Manoella Buffara on Tapping into Her Brazilian Heritage to Create Culinary Art
Creativity can come from the most unexpected of places. It can come from a book, your favorite show, something cheeky someone said, or the world around you.
For Chica Boss Manoella Buffara, she was inspired by her experiences growing up in her native Brazil, surrounded by the bountiful flora and fauna the landscape offered. Because of her immersive childhood, her passion for cooking began to grow.
Buffara tells People Chica, "My passion for cooking blossomed from my life in the countryside, where I was raised among goats, cows, crops, and a multitude of elements of nature. Through my father's lessons, I learned to value the land and animals, as well as to appreciate all that they offer us when treated with care and respect."
The Brazilian chef, who recently co-hosted a two-night takeover at MILA Omakase in Miami with Chef Michael Michaelidis, also explained how cooking "is an expression of love" for her, and in addition to honoring her roots, she wants to show the world just how much beauty Brazil's culinary scene possesses.

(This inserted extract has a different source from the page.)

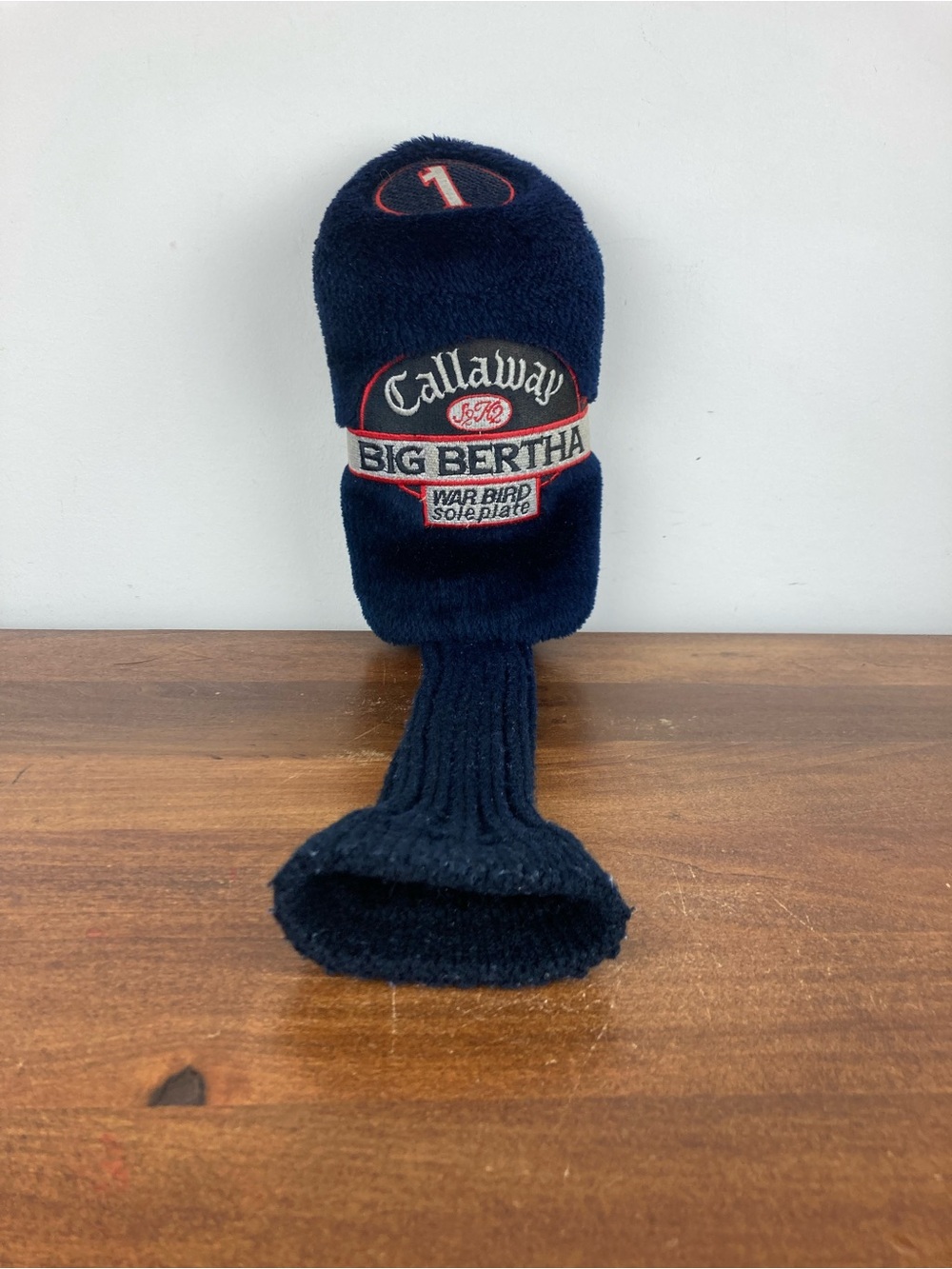 CALLAWAY BIG BERTHA 1 WAR BIRD CLUB HEAD COVER ONE WOOD DRIVER NAVY BLUE WHITE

Whether they are chefs or mixologists, those within the culinary industry create art. What aspects of the artistry that can be found within creating dishes and original recipes speak to your soul? When did you realize this path would fulfill you the most?

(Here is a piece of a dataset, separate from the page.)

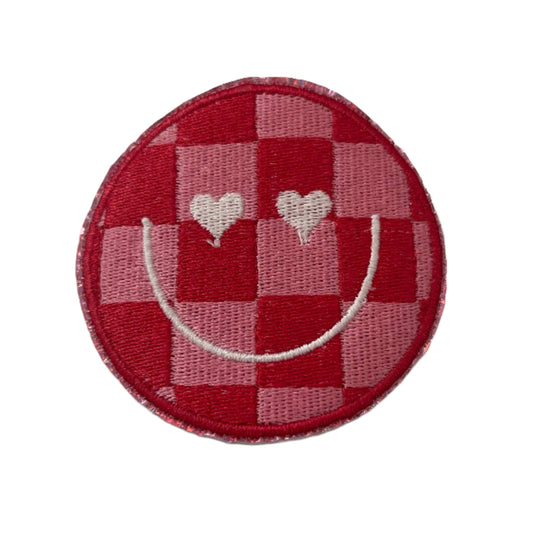 Checkerboard Smiley Face Red & Pink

Creativity, [the] harmony of flavors, aesthetic presentation, and the ability to convey emotion through food are artistic manifestations that speak to my soul in the creation of my dishes. I firmly believe that gastronomy goes beyond mere food, as it is capable of telling stories, expressing cultures, and awakening deep emotions in those who experience it, thus becoming an authentic form of artistic and cultural expression.
My passion for cooking blossomed from my life in the countryside, where I was raised among goats, cows, crops, and a multitude of elements of nature. Through my father's lessons, I learned to value the land and animals, as well as to appreciate all that they offer us when treated with care and respect.
With my grandmother, I discovered the importance of using our hands to feel temperatures, determine the cooking point, and understand the love needed in food preparation. In this way, my trajectory took shape, conquering and building the Manu kitchen.
In addition to creating visually stunning dishes, your recipes are rooted in the seasonality of the ingredients that compose each bite—something that lends itself to the Japanese Omakase dining tradition. You co-hosted a two-night takeover at MILA Omakase in Miami with Chef Michael Michaelidis; what drew you to this opportunity?
Cooking, for me, is an expression of love, knowledge, technique, authenticity, and respect. The gastronomic tradition of Omakase is something that fascinates me because of its appreciation for ingredients, respecting their seasonality, and giving special attention to the aesthetics of the dishes, technique, and culinary narrative.
Chef Michael is a French chef with extensive experience in Asia, and I believe that the fusion we are creating between my delicate cuisine with Latin ingredients, and his cuisine, which [is] also [delicate] but with more impactful Asian ingredients, results in a menu with a lot of personality. I am thrilled to be collaborating with him here at Mila Omakase, and I am certain it will be an amazing experience.
Female chefs have been getting increasingly recognized as the years progress—you have been named Latin America's Best Female Chef 2022 by The World's 50 Best Restaurants. How do you hope to continue giving visibility to women everywhere through your work?
This award is much more than recognition of the menu I serve every night at my restaurant, it shows that I had the courage to dream and go after my dreams, and I hope to inspire more women to work hard and fight for their dreams. I have two daughters, I closely follow their development, and I know how much they dedicate themselves, the effort they make every day to get out of bed warm and immerse themselves in this big world, [and] how attentive they are to this world we live in.
I am very happy to be receiving this award and that my daughters and all girls of their age see a big girl like them in this prominent position. As they say, a picture is worth a thousand words, and it's great to be here and now and receive this recognition. I believe I need to use my name and the microphone I have in my hands to help people and improve the world we are living in.
What is something you wish to show the world about Brazilian cuisine?
For me, showing the variety and potency of the ingredients we have at our fingertips is the most important thing. Brazil is a vast country full of ingredients with incredible flavors and textures! I want to continue sharing with the world my story, my origin, my culture, and, above all, the incredible ingredients that we have at our disposal.
The restaurant industry is not for the faint of heart. What is a piece of advice you'd give someone interested in stepping into the kitchen?
First, believe in your dreams, and know that it's hard to play. As I like to say, being here isn't about luck it's about dreaming big and a lot of hard work. I think the biggest challenge as a chef in the industry was the hard work.
It takes a lot of cleaning shrimp, peeling carrots and potatoes, cleaning ovens, and cooking to get here. The beginning is difficult. You'll be working long nights while your friends and family are partying elsewhere. I face it with resilience and faith.